Somewhere along the way, I lost interest in this “Sport” as the US coverage shifted from Wide World of Sports coverage to every athlete has a story coverage. I use to watch a lot of figure skating. I don’t think it was all that crotch oriented, but it was about grace. It was a very arbitrary sport at times with the awarding of scores.

Some of the skaters were stunningly good looking and others like Nancy Kerrigan were very pleasant Girls Next Store athletes good looking.

They seem to be getting younger in the last 10+ years. It might just be that I am getting older. Didn’t Tara Lupinski go to the Olympics at only 14?

Jim

Watch it in high def.

Me neither.

::makes note to watch next series of Dancing on Ice::

I was sitting on the HD fence until now. Thanks.

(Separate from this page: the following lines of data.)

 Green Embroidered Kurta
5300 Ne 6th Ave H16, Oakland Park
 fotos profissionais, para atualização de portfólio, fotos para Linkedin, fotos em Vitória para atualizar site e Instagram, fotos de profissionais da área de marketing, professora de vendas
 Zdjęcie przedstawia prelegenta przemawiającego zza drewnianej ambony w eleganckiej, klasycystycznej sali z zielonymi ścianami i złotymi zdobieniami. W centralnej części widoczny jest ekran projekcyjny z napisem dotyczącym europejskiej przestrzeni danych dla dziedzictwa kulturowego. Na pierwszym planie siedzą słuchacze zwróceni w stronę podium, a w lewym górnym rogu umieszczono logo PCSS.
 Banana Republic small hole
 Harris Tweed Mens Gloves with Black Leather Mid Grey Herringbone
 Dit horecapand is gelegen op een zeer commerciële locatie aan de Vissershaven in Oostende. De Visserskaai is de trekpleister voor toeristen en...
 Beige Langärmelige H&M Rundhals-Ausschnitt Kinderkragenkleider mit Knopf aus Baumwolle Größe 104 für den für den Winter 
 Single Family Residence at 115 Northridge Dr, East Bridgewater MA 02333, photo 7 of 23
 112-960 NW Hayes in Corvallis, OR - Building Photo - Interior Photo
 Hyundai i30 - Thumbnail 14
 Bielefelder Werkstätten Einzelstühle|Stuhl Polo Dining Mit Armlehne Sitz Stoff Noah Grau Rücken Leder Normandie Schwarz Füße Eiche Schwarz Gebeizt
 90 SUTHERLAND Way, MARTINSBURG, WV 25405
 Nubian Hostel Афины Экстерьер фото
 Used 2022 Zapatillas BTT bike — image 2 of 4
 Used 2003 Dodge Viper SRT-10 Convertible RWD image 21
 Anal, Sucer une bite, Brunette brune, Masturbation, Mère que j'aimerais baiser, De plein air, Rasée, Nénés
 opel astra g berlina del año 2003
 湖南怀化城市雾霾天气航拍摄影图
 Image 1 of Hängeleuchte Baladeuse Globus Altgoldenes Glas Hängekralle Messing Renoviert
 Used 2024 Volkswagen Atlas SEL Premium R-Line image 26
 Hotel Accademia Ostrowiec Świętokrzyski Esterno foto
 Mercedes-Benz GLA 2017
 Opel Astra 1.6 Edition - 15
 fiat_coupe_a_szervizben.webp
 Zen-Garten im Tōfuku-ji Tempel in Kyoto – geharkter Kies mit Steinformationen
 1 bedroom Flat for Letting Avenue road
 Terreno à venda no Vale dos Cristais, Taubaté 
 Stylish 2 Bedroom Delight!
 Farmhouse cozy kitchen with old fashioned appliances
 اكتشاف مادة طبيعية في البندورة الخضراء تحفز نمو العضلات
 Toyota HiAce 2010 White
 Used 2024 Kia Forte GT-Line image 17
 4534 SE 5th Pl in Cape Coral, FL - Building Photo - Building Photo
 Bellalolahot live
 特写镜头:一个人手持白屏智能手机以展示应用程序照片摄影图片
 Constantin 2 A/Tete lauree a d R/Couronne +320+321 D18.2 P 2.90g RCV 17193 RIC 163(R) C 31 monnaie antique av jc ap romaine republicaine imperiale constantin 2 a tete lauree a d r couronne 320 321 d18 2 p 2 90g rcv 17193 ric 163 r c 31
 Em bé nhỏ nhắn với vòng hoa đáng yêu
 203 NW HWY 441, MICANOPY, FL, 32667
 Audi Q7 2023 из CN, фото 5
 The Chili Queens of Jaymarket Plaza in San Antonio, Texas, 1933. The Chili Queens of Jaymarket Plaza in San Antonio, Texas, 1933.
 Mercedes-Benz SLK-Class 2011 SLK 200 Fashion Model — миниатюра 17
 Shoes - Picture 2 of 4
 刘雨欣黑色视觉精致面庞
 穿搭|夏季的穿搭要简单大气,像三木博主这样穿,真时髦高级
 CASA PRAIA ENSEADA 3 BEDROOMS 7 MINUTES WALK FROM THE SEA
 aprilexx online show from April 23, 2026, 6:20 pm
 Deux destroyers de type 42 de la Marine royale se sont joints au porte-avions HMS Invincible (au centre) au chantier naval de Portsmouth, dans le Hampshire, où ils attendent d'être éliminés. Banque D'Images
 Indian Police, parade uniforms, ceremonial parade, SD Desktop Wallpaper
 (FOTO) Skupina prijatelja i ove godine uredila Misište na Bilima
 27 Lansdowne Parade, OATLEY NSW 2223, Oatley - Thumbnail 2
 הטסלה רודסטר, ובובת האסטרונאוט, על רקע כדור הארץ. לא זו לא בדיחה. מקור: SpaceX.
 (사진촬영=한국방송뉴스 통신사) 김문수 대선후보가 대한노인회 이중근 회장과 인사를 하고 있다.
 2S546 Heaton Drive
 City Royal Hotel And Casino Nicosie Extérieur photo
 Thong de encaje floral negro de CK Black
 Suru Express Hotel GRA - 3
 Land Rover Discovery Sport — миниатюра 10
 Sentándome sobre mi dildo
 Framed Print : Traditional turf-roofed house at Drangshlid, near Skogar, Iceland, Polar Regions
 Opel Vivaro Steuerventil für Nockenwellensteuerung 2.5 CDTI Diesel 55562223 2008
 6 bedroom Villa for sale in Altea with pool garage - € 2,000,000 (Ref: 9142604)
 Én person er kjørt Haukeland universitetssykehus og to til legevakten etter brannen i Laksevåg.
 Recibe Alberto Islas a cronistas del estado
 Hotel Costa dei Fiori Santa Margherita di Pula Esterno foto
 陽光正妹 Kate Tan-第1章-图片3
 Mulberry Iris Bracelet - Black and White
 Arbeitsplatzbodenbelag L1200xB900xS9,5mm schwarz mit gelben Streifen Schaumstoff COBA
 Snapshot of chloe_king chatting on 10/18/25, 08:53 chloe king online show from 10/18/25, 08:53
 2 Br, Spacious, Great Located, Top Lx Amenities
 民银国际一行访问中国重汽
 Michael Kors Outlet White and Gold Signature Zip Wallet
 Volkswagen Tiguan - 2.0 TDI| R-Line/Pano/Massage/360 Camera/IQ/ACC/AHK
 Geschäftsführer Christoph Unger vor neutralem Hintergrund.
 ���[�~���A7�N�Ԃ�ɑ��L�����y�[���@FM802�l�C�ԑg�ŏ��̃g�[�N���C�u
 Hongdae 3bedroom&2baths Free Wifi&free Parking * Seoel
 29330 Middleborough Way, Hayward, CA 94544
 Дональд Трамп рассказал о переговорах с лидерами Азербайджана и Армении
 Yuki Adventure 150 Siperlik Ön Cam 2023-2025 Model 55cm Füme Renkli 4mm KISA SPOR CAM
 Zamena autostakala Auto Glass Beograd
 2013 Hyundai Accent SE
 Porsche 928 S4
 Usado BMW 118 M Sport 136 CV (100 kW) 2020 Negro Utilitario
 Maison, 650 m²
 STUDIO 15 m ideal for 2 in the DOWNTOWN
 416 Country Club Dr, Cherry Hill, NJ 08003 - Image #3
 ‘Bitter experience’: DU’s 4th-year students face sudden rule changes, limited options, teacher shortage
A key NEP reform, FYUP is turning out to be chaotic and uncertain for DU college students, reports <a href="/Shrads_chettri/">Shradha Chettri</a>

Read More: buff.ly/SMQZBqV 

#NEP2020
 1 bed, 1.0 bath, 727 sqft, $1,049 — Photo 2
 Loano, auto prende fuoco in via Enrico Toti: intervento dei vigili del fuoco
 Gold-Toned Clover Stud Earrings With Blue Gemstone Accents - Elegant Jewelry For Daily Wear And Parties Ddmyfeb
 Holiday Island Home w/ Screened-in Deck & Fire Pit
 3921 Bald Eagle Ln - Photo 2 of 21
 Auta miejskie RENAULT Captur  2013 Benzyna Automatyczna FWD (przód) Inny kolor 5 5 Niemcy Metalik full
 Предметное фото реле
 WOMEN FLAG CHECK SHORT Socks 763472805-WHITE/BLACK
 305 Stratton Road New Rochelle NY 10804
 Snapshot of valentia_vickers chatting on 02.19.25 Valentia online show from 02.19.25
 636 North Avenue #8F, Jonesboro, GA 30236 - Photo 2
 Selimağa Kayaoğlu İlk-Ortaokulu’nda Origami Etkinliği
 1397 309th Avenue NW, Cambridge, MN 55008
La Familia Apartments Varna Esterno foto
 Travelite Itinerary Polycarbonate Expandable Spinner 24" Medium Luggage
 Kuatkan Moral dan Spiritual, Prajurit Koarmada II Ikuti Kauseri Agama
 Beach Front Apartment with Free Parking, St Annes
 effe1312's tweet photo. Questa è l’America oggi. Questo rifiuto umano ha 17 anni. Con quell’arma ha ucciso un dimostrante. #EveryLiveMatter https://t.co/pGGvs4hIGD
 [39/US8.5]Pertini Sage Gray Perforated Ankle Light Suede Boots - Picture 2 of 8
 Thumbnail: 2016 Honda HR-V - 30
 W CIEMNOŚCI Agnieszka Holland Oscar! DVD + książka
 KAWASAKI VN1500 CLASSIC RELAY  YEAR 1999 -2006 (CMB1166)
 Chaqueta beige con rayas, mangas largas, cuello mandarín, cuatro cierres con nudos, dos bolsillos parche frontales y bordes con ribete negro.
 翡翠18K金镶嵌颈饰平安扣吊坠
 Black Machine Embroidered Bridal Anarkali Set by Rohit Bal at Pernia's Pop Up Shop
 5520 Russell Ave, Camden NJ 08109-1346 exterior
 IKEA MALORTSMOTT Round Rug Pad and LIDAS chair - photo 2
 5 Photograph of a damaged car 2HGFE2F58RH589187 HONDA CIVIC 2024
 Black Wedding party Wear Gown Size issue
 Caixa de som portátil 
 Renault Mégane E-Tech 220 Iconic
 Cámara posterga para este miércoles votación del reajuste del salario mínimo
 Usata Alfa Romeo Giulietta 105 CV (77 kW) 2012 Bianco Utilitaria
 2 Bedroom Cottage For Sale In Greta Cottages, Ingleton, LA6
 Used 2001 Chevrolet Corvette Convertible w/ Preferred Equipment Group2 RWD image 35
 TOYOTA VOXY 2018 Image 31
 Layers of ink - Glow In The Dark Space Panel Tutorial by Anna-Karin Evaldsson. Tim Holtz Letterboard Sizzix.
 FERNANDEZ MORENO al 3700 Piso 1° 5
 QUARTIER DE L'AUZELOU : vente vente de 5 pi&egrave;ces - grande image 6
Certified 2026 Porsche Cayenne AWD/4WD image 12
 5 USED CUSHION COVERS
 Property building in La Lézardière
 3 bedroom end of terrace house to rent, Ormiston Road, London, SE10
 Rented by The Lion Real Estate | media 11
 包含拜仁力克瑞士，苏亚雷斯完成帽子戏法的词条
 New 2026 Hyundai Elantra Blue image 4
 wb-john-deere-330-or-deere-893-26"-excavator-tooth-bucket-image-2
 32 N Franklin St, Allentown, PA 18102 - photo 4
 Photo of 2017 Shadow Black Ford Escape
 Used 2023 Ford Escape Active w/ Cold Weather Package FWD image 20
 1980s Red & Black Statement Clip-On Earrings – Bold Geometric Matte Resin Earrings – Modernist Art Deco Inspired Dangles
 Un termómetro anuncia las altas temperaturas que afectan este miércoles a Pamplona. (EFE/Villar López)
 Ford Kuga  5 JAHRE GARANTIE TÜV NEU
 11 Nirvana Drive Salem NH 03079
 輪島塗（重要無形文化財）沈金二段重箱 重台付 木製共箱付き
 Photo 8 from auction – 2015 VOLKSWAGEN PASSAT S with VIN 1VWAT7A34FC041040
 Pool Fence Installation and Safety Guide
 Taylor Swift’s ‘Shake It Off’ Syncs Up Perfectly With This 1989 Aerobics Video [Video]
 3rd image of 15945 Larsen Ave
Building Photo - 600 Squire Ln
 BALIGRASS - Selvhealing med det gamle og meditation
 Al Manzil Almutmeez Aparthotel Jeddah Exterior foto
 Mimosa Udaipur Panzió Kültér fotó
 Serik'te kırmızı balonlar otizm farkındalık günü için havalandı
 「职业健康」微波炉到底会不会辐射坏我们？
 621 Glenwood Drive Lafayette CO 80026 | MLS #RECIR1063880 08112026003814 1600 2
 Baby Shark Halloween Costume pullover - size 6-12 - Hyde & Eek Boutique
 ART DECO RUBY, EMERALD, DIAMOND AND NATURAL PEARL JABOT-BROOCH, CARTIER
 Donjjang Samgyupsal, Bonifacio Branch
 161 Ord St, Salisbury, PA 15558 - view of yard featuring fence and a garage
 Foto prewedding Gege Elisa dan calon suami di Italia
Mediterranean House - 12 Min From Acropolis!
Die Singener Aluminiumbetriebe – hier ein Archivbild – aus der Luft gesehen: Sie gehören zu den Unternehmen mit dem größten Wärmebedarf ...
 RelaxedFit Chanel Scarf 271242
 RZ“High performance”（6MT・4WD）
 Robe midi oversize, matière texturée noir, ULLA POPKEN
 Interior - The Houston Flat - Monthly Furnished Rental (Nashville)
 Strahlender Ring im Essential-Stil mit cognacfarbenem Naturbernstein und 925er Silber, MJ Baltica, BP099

It’s not as bad as Beach Volleyball, where the **official regulations ** insist the women wear skimpy costumes.
Figure skating includes artistic elements, so there is a reason to have such costumes, but volleyball scoring is pure sport. Of course they get bigger crowds with the music and all…

You do realize that most of what you see is flesh-colored fabric, and not bare skin?

You just sold more high def TVs than the Super Bowl.

March 1, 1988, The Catalyst student newspaper of the College at Old Westbury, State University of New York. (me writing).

Perfect Ten?

Did you hear? American Olympic skater hopeful Debi Thomas’ bench personnel have complained that East German front-runner Katarina Witt is impressing judges with something besides skill and talent!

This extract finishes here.